Golden Beet Salad With Cider Vinegar Dressing

August 25th 2017 Jenna Appel, RD


Lettuce turnip the BEET with this colorful beet salad recipe!


5 organic golden beets
1 tablespoon extra virgin olive oil
¾ cup apple cider vinegar
Sea salt
3 cups of organic greens of your choice
1 tablespoon walnut oil
Freshly ground pepper
½ cup toasted walnut pieces
½ cup fresh ricotta or goat cheese

Pro Tip: Mix red and golden beets to add additional color to this vibrant salad! Or use any roasted veggies your heart desires.
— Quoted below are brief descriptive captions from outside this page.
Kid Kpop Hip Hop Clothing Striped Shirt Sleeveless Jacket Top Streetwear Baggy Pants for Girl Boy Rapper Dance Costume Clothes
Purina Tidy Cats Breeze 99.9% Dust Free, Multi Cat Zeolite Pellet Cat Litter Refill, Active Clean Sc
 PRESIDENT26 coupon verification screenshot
1. Preheat oven to 425 degrees.
2. Rinse the beets and cut off the greens.
3. Rub the beets with the olive oil, wrap in foil and place on a baking sheet.
4. Bake for about 1 hour or until you can pierce through the middle of each beet with a knife. Remove from the oven and let cool.
5. While the beets are cooking, bring the vinegar to a boil in a small saucepan over medium heat until it is reduced by a third. Remove from the heat and let cool.
6. When the beets are cool, use a paring knife to remove the skins.
7. Cut each beet into thin slices using a sharp knife. Sprinkle them with salt and toss them in the reduced vinegar.
8. Toss the greens with the walnut oil and pepper.
9. Top the greens with the beets, walnut pieces and cheese.